[DATA FOR THIS EXERCISE Boundary: Start]

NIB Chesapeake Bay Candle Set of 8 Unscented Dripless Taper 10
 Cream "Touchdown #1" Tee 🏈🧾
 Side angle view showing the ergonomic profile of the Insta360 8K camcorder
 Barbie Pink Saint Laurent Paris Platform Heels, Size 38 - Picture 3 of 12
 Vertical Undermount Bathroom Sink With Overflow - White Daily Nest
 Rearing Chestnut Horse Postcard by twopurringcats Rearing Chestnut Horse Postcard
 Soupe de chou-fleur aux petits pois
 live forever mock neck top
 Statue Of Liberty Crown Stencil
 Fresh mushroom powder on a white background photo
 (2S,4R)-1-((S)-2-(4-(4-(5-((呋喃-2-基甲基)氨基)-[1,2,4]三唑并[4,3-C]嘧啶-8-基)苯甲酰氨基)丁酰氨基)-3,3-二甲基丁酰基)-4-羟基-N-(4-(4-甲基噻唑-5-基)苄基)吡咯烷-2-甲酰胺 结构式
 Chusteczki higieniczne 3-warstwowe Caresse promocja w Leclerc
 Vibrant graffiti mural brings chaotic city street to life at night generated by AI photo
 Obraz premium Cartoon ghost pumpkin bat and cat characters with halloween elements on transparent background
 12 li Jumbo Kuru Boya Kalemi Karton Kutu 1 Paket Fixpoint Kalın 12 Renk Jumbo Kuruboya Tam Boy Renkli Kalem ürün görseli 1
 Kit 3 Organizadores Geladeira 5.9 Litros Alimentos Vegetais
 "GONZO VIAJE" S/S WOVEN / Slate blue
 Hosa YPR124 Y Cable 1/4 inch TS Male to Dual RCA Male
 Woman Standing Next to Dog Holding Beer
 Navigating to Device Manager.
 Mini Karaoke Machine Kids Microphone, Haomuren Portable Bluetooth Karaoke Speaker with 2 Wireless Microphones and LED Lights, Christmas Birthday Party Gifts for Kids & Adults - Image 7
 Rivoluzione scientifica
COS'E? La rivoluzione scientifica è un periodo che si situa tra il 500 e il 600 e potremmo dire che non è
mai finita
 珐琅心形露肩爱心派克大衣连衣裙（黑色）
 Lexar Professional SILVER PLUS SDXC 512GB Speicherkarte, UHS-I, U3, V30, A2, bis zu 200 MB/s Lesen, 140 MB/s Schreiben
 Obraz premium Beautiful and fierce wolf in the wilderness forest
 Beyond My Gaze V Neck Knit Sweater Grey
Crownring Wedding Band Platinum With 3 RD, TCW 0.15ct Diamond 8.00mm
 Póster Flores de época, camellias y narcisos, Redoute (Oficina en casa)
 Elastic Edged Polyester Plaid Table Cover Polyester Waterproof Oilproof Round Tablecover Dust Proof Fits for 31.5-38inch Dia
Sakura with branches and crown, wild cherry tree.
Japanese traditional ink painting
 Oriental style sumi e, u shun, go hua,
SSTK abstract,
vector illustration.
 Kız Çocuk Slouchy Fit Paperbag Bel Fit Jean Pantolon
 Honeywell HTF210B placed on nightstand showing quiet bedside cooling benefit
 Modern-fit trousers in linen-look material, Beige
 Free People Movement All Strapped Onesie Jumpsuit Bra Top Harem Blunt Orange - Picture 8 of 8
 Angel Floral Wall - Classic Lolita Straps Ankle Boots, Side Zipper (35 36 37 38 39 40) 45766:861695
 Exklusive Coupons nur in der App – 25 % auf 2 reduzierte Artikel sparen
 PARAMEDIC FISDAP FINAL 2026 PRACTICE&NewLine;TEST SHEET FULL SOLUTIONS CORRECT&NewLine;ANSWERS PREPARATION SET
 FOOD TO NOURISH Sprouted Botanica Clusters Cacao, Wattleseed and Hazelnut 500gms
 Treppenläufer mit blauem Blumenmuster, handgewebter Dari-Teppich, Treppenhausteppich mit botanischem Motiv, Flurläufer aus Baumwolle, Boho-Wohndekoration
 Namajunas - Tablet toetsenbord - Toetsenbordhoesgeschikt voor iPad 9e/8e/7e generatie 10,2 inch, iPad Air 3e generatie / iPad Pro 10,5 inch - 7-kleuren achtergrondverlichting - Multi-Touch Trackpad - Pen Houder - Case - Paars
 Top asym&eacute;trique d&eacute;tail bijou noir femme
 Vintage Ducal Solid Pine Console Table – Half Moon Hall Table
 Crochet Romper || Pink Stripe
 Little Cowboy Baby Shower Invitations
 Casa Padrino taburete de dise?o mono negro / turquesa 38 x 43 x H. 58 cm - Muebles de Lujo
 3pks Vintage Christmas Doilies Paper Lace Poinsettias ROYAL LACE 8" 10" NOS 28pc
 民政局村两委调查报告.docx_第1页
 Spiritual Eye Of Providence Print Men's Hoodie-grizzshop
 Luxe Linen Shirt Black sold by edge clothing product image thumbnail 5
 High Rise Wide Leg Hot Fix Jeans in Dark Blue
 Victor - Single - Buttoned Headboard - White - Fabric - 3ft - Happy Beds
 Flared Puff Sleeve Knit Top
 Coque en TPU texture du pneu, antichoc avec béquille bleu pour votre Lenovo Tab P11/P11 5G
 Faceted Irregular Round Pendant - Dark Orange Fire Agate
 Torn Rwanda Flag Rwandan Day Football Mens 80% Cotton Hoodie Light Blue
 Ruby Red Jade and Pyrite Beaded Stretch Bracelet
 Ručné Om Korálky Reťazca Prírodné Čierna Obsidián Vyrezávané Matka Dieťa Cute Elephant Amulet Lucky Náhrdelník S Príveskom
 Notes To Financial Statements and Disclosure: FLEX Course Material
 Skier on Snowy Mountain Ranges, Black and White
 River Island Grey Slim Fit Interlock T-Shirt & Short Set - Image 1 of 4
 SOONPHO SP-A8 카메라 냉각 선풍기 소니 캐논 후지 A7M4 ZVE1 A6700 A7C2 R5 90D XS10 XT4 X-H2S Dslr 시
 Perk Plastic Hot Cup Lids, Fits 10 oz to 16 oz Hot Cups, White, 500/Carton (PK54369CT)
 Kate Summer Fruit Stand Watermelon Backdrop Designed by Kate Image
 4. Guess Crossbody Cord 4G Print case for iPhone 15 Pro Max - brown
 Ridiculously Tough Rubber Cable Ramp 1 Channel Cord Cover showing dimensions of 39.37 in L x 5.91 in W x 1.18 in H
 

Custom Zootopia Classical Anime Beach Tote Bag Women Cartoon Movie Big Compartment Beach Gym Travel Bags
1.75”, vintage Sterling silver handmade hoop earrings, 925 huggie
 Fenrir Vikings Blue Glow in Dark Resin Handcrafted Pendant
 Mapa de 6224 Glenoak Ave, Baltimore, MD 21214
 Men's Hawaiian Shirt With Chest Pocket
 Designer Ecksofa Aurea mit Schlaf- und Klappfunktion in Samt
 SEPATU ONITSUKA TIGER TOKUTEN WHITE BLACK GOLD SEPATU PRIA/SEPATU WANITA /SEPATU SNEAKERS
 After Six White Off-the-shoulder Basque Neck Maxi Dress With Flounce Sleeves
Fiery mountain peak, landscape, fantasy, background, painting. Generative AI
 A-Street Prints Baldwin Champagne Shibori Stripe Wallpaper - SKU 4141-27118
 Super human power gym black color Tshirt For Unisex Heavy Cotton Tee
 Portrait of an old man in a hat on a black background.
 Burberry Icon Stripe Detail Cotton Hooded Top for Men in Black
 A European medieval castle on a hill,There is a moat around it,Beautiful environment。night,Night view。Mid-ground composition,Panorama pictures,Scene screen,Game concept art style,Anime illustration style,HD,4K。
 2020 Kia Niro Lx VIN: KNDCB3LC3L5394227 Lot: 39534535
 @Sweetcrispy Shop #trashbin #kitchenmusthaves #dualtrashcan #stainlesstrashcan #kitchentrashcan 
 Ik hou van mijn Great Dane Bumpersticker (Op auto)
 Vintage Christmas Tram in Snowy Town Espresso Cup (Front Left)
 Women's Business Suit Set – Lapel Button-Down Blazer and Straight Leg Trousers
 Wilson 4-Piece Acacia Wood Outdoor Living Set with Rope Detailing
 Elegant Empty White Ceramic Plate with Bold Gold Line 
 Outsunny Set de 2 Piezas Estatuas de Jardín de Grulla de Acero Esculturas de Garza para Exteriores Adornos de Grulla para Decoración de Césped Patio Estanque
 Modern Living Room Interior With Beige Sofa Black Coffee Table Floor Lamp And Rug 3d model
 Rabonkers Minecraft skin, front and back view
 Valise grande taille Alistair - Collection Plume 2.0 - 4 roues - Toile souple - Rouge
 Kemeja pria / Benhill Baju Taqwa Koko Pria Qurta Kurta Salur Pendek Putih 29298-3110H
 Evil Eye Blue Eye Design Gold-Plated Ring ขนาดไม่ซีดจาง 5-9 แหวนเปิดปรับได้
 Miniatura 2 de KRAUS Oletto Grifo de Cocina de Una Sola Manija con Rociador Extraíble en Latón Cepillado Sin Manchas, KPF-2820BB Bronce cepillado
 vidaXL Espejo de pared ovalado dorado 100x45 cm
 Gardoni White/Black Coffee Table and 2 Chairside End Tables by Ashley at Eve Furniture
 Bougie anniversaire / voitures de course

[DATA FOR THIS EXERCISE Boundary: End]

Starting at the line above that holds "PARAMEDIC FISDAP FINAL" and ending at the line that holds "Namajunas - Tablet", transcribe each line exactly and include no other lines.

(EXERCISE RESULT)
 PARAMEDIC FISDAP FINAL 2026 PRACTICE&NewLine;TEST SHEET FULL SOLUTIONS CORRECT&NewLine;ANSWERS PREPARATION SET
 FOOD TO NOURISH Sprouted Botanica Clusters Cacao, Wattleseed and Hazelnut 500gms
 Treppenläufer mit blauem Blumenmuster, handgewebter Dari-Teppich, Treppenhausteppich mit botanischem Motiv, Flurläufer aus Baumwolle, Boho-Wohndekoration
 Namajunas - Tablet toetsenbord - Toetsenbordhoesgeschikt voor iPad 9e/8e/7e generatie 10,2 inch, iPad Air 3e generatie / iPad Pro 10,5 inch - 7-kleuren achtergrondverlichting - Multi-Touch Trackpad - Pen Houder - Case - Paars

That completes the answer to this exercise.